In 106 years of Canadian Parliamentary history, the concept of Aboriginal Rights has been debated only once in the House of Commons-on April 11th of this year. That debate, initiated by the opposition parties, jointly sought to redress a wrong.

The motion asked the present Government to endorse the concept of Aboriginal Right as set out in a paper presented by the National Indian Brotherhood of Canada. But the Government refused to allow the motion to come to a vote.

Now you may ask why the delay of 106 year before this subject was debated?

Well certainly it was not because the subject was considered insignificant or unimportant in our earlier history but up until 1969, the basic principle of aboriginal rights was accepted by every successive Canadian Government as an integral part of our constitutional makeup. The process of recognition and settlement may have been slow, there may have been just procrastinations but the principle was never in doubt. But all that changed in 1969, with the introduction of the Government's white paper on Indian policy. Never before was a Prime Minister of this country to reject the concept of Aboriginal Rights. But at that time Mr. Trudeau did so in these words, he said-"Our answer (to aboriginal rights)-it may not be the right one and may not be the one you accept-but our answer is NO."

He urged the native people to "forget the past and begin today."

Well no wonder the Indian people were outraged. Such an approach is a denial of their history and culture. Moreover, it would represent the abandonment of the basis of their historical and legal claims for justice from our society. That approach denies the obligations of history-the obligations that we as Canadians have to our native people.

It is these native people, exhausted with constant questions of what Aboriginal Rights means to them, tired of telling us of their attachment to the land that once fed, clothed and housed them-it is these native people who are waiting and watching what we in Parliament and all of us as Canadians do about this issue.

Simply stated, aboriginal right is the right of an Indian tribe or band, the native peoples, to use and occupy their traditional lands.

And where these rights are extinguished, compensation in land grants, in incomes or royalties must be provided. What we are really talking about is recognition and settlement-recognition and acceptance of a principle; settlement of outstanding claims.

The Progressive Conservative Party gives whole-hearted recognition to the concept of Aboriginal Rights. It undertakes to settle fairly the outstanding Aboriginal claims of Canada's native people.

And we intend to work toward a negotiated settlement of disputed claims-disputed treaty and Aboriginal claims-and we will do so in fair and full consultation with the native peoples.

There is obviously a clear distinction between the two major parties on this issue of Aboriginal Rights. One accepts the concept as valid-the other denies it.

And just briefly I would like to give you an historical perspective of this question.

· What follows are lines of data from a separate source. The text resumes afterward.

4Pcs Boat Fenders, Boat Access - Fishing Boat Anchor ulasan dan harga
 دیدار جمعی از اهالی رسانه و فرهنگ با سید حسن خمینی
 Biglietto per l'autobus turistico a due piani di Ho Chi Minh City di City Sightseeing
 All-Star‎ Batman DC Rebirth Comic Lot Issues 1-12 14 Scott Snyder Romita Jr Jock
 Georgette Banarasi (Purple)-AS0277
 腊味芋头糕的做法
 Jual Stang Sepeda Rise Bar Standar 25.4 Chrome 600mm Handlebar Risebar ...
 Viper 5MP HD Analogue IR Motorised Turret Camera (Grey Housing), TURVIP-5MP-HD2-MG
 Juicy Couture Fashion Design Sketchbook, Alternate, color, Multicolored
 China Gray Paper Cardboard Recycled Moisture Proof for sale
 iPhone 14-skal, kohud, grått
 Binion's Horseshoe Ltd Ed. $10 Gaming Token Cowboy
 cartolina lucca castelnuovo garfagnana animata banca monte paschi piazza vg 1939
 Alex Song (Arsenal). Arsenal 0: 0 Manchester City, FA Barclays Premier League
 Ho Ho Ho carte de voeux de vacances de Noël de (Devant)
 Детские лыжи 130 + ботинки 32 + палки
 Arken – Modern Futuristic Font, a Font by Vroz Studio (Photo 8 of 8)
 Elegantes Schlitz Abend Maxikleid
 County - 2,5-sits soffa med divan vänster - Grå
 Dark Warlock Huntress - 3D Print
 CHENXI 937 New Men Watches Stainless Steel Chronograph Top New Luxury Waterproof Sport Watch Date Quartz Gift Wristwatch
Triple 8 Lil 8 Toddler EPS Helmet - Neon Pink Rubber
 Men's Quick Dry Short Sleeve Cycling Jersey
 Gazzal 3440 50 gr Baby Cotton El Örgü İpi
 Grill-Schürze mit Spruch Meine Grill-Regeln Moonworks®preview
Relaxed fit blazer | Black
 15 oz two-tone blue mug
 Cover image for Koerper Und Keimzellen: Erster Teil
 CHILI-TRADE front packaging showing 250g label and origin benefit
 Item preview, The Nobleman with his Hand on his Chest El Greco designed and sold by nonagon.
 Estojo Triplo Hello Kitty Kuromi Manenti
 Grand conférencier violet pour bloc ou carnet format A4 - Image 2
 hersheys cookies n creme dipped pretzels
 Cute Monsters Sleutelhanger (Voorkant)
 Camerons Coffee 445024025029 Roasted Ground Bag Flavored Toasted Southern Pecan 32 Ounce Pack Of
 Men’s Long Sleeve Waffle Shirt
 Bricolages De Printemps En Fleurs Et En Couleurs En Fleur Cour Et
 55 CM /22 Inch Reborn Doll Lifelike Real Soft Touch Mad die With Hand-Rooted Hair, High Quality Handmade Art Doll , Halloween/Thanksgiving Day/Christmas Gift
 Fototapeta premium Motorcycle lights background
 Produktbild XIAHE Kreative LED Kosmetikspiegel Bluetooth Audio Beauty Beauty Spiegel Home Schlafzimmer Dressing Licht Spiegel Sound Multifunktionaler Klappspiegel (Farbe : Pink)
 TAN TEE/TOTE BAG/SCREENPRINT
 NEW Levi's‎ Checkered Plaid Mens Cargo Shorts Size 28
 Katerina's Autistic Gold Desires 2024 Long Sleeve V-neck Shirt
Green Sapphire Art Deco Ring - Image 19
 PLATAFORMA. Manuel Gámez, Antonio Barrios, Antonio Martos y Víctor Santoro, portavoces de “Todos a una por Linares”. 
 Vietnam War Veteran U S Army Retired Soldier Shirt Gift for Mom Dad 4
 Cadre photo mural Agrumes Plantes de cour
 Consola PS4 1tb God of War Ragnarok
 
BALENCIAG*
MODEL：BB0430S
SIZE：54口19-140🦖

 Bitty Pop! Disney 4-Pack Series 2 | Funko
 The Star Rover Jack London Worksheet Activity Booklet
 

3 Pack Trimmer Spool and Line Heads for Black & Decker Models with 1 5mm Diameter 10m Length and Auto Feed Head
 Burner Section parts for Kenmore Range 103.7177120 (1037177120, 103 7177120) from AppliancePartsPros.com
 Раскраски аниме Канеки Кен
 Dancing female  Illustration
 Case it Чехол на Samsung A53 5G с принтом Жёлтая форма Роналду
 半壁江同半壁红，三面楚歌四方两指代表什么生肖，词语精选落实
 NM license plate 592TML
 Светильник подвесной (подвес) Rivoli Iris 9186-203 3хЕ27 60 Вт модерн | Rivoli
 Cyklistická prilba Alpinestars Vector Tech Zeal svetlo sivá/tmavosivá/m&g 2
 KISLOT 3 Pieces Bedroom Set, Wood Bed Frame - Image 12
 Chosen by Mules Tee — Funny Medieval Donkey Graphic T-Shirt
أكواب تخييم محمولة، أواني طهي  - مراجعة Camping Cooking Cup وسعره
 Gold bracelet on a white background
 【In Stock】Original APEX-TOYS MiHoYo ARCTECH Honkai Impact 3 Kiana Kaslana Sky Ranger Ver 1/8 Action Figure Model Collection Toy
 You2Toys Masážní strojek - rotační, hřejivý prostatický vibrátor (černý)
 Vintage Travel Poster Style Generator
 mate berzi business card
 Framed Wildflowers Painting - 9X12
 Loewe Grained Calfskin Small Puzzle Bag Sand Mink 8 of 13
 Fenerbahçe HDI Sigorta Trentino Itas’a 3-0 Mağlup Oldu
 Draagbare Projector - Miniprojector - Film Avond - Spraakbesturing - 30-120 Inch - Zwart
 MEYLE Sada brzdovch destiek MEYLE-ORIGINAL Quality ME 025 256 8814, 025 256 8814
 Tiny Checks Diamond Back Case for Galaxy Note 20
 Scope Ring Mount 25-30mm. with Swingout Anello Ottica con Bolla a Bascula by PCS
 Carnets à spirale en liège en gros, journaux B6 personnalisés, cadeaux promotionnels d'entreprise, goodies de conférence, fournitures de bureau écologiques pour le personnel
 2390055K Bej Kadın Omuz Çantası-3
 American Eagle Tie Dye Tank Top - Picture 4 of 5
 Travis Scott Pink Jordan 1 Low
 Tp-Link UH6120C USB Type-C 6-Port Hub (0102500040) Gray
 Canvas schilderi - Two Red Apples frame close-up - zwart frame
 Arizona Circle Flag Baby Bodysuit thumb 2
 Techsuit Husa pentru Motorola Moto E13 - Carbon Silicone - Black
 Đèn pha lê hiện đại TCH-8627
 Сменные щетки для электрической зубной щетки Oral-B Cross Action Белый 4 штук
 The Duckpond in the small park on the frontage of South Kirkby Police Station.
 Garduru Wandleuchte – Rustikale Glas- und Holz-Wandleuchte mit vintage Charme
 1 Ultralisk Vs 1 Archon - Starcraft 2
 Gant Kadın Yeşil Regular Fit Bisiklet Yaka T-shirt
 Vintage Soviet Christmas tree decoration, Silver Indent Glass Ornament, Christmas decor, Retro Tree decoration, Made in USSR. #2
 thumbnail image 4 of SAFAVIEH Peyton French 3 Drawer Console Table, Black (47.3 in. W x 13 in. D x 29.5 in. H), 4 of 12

The concept of Aboriginal Rights or title was developed in the colonial context of North America. The first major colonial power Spain, did not initially recognize native land rights, but gradually, gradually Spain came to understand that recognition was necessary on practical and moral grounds.

It is clear that the recognition of Indian land rights goes back to the very early periods of colonial settlements and represents practical experience that non-recognition led to a real sense of injustice on the part of the natives that endangered colonial settlement.

Historical evidence in this and other countries makes it clear that a policy which fails to recognize Aboriginal land rights sows seeds of bitterness and distrust.

So all we can do, in a phrase the Prime Minister often uses, is to try to be just in our time.

But was it just, as the Prime Minister did in 1969, to indicate that while his Government would recognize treaty rights, he rejected flatly the still more important obligation of Aboriginal title, commenting that "in our policy, the way we propose it, we say we won't recognize Aboriginal rights. " First, this is a denial of the most important of all native rights, one which has been recognized for centuries in many parts of this country. Second, even a moment's reflection suggests that the first principle of Aboriginal title underlies all the treaties and gives them their validity. A denial of the concept of Aboriginal title could well involve eventually a denial of the many Indian treaties based upon it.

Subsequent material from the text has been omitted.